Whisper-WebUI

A Gradio-based browser interface for Whisper. You can use it as an Easy Subtitle Generator!

About large-v3

large-v3 model has newly added on 23-11-07. large-v3 can not be used in faster-whsiper now, so set DISABLE_FASTER_WHISPER to true in user-start-webui.bat file if you want to use large-v3.

Notebook

If you wish to try this on Colab, you can do it in here!

Feature

Generate subtitles from various sources, including :
- Files
- Youtube
- Microphone
Currently supported subtitle formats :
- SRT
- WebVTT
- txt ( only text file without timeline )
Speech to Text Translation
- From other languages to English. ( This is Whisper's end-to-end speech-to-text translation feature )
Text to Text Translation
- Translate subtitle files using Facebook NLLB models

Installation and Running

Prerequisite

To run Whisper, you need to have git, python version 3.8 ~ 3.10 and FFmpeg.

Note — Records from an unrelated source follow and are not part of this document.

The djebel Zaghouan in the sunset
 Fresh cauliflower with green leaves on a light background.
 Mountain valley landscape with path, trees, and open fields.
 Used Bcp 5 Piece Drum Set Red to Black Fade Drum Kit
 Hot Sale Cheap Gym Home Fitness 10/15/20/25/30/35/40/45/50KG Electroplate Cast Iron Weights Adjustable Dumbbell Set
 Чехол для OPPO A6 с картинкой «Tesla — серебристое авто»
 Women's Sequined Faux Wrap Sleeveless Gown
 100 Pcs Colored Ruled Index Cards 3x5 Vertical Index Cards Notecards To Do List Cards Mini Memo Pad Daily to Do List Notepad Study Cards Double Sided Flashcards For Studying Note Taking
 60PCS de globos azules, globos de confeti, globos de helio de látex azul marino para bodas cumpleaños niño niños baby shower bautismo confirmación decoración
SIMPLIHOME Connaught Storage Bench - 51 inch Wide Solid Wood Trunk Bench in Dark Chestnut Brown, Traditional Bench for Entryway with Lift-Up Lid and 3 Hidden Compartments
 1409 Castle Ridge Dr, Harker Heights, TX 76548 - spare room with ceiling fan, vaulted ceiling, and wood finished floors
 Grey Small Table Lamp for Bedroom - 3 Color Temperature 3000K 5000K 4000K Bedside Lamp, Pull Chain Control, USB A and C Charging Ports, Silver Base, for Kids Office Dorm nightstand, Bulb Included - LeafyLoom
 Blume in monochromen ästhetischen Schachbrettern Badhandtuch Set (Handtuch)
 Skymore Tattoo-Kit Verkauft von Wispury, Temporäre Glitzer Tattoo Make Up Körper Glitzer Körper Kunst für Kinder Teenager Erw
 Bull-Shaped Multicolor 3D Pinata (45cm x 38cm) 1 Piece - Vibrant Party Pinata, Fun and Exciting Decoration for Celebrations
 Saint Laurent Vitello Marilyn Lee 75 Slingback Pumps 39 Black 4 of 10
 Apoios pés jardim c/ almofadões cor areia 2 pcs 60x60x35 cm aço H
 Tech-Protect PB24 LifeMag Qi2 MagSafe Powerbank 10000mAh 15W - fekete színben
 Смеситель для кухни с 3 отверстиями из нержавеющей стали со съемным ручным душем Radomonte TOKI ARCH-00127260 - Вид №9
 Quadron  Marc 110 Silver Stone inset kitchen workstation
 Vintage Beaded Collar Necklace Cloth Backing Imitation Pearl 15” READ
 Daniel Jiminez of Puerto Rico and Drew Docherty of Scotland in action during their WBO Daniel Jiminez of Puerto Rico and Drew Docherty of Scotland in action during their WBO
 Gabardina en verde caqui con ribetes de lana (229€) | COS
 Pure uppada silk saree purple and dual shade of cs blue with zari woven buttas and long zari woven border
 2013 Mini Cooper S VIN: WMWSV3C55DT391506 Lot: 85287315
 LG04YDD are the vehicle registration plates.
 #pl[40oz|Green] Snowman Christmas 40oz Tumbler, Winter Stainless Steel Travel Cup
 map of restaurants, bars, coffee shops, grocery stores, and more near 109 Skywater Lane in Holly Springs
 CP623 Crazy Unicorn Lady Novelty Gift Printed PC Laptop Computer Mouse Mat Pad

Please follow the links below to install the necessary software:

git : https://git-scm.com/downloads
python : https://www.python.org/downloads/
FFmpeg : https://ffmpeg.org/download.html

After installing FFmpeg, make sure to add the FFmpeg/bin folder to your system PATH!

Automatic Installation

If you have satisfied the prerequisites listed above, you are now ready to start Whisper-WebUI.

Run Install.bat from Windows Explorer as a regular, non-administrator user.
After installation, run the start-webui.bat. (It will automatically download the model if it is not already installed.)
Open your web browser and go to http://localhost:7860

( If you're running another Web-UI, it will be hosted on a different port , such as localhost:7861, localhost:7862, and so on )

And you can also run the project with command line arguments if you like by running user-start-webui.bat, see wiki for a guide to arguments.

VRAM Usages

This project is integrated with faster-whisper by default for better VRAM usage and transcription speed.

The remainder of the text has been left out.